- **Description of the task**
Please take the records that follow and repeat exactly the lines starting with the line with "کلاس ریاضی و" and going on through the line with "343 Turner Road, Middletown, RI 02842".

┌─ Records for this exercise

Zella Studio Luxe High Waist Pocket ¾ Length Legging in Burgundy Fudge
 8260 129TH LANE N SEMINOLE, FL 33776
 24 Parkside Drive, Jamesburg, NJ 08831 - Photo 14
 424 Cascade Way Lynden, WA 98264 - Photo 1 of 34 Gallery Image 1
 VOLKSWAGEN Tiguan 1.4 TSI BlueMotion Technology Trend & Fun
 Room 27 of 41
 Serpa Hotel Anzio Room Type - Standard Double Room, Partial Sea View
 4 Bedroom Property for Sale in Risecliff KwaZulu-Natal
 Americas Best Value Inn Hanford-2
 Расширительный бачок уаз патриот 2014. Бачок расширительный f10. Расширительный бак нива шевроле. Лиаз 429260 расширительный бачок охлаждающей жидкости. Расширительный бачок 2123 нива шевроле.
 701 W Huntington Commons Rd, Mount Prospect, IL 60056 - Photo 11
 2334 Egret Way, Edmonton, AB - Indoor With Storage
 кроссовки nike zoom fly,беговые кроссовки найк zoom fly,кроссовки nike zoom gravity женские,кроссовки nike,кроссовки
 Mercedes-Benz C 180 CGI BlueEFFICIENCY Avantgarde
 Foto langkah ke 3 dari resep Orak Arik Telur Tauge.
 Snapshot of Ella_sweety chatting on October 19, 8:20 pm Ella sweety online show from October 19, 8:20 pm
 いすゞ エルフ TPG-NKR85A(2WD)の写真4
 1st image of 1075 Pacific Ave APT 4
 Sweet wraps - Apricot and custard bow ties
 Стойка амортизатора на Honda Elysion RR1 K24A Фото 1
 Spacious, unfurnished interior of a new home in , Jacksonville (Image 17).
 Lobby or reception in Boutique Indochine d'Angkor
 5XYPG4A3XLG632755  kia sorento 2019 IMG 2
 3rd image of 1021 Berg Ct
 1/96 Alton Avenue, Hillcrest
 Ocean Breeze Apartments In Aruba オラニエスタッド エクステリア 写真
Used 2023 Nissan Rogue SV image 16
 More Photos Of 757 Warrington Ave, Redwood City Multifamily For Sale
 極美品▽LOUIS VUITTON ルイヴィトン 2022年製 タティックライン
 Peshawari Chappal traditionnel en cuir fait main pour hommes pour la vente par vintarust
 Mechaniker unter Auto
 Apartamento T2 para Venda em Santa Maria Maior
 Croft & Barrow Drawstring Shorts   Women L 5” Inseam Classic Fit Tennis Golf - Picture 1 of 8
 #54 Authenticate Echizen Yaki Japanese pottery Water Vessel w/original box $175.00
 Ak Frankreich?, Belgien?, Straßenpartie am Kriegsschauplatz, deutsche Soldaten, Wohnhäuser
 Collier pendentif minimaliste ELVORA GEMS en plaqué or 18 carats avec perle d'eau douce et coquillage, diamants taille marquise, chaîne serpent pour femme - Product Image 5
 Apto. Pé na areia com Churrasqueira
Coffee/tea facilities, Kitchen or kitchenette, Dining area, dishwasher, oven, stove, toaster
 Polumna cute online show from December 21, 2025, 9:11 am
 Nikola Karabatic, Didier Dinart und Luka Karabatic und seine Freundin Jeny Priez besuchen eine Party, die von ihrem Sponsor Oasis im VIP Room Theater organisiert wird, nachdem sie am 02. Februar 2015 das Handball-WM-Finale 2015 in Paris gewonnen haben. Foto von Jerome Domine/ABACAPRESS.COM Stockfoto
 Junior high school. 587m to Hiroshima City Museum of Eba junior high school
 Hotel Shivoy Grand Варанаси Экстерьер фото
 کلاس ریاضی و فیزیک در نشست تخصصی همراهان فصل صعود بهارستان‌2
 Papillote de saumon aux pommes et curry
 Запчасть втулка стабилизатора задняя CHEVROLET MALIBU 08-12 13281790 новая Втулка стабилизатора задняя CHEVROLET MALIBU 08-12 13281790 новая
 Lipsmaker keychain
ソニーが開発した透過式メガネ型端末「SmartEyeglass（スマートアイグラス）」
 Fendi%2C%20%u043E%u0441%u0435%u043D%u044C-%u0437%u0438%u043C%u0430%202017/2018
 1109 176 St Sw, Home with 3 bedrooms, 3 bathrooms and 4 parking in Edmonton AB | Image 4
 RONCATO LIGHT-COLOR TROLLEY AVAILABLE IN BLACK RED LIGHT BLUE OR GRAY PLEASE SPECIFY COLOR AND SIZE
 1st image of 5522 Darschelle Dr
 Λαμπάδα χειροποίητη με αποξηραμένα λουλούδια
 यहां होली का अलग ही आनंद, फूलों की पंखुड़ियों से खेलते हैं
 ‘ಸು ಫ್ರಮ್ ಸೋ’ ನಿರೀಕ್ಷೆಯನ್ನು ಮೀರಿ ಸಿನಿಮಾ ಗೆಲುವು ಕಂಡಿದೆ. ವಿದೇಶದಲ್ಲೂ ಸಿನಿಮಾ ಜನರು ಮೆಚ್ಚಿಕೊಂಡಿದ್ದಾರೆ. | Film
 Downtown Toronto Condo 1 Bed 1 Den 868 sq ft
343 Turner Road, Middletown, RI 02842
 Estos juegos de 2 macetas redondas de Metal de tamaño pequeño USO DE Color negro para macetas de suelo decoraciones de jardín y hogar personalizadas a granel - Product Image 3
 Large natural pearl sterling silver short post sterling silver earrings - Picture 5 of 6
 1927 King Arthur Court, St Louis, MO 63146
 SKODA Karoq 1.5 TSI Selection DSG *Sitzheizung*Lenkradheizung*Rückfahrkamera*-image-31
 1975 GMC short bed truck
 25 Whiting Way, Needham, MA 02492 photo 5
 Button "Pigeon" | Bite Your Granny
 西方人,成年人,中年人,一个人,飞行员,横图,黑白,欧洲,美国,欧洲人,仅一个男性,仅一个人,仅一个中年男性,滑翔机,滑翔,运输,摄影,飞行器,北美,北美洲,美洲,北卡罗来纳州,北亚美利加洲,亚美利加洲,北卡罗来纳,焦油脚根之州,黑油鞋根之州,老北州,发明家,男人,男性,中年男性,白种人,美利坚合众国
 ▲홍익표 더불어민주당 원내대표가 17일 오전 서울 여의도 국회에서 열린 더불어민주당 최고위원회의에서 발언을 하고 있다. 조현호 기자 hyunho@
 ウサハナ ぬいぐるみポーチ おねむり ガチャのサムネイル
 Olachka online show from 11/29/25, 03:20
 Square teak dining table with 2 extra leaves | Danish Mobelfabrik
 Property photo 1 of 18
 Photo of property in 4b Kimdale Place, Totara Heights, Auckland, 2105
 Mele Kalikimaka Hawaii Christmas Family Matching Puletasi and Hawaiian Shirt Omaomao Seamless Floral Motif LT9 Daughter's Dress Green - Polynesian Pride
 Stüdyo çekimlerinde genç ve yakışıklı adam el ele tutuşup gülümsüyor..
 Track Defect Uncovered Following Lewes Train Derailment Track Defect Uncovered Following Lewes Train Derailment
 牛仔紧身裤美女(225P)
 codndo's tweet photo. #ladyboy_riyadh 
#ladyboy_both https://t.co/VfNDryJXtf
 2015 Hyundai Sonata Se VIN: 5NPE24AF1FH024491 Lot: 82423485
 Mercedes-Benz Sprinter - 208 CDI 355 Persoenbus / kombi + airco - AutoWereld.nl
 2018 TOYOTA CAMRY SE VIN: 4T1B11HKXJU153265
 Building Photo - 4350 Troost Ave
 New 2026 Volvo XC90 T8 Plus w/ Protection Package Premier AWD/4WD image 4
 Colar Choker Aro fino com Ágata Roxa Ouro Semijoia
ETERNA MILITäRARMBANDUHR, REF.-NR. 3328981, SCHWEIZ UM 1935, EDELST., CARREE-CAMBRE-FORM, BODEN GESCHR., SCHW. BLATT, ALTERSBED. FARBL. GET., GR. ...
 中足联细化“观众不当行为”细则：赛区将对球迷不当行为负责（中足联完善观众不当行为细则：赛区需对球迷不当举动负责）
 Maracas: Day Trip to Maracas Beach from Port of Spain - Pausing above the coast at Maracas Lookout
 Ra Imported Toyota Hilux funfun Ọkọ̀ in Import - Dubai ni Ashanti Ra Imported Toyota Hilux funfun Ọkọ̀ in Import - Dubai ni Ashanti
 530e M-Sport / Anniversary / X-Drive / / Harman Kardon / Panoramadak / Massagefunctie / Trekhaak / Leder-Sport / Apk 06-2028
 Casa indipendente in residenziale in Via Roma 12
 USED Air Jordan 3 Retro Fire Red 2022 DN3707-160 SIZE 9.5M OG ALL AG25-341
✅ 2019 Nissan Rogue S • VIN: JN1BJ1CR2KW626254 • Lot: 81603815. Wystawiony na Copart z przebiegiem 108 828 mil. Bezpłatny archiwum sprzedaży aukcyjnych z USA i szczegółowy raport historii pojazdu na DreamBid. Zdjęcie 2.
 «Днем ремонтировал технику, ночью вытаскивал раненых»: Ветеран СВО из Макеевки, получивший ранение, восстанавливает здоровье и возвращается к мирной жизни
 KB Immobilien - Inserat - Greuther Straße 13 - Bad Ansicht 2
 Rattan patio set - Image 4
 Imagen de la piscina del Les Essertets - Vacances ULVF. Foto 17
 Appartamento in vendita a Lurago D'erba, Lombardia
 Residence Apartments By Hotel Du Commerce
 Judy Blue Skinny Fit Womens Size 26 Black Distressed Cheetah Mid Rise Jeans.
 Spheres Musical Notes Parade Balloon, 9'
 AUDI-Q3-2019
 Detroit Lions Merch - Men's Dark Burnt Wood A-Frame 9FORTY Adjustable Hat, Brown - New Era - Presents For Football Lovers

└─

- **Your solution**
 کلاس ریاضی و فیزیک در نشست تخصصی همراهان فصل صعود بهارستان‌2
 Papillote de saumon aux pommes et curry
 Запчасть втулка стабилизатора задняя CHEVROLET MALIBU 08-12 13281790 новая Втулка стабилизатора задняя CHEVROLET MALIBU 08-12 13281790 новая
 Lipsmaker keychain
ソニーが開発した透過式メガネ型端末「SmartEyeglass（スマートアイグラス）」
 Fendi%2C%20%u043E%u0441%u0435%u043D%u044C-%u0437%u0438%u043C%u0430%202017/2018
 1109 176 St Sw, Home with 3 bedrooms, 3 bathrooms and 4 parking in Edmonton AB | Image 4
 RONCATO LIGHT-COLOR TROLLEY AVAILABLE IN BLACK RED LIGHT BLUE OR GRAY PLEASE SPECIFY COLOR AND SIZE
 1st image of 5522 Darschelle Dr
 Λαμπάδα χειροποίητη με αποξηραμένα λουλούδια
 यहां होली का अलग ही आनंद, फूलों की पंखुड़ियों से खेलते हैं
 ‘ಸು ಫ್ರಮ್ ಸೋ’ ನಿರೀಕ್ಷೆಯನ್ನು ಮೀರಿ ಸಿನಿಮಾ ಗೆಲುವು ಕಂಡಿದೆ. ವಿದೇಶದಲ್ಲೂ ಸಿನಿಮಾ ಜನರು ಮೆಚ್ಚಿಕೊಂಡಿದ್ದಾರೆ. | Film
 Downtown Toronto Condo 1 Bed 1 Den 868 sq ft
343 Turner Road, Middletown, RI 02842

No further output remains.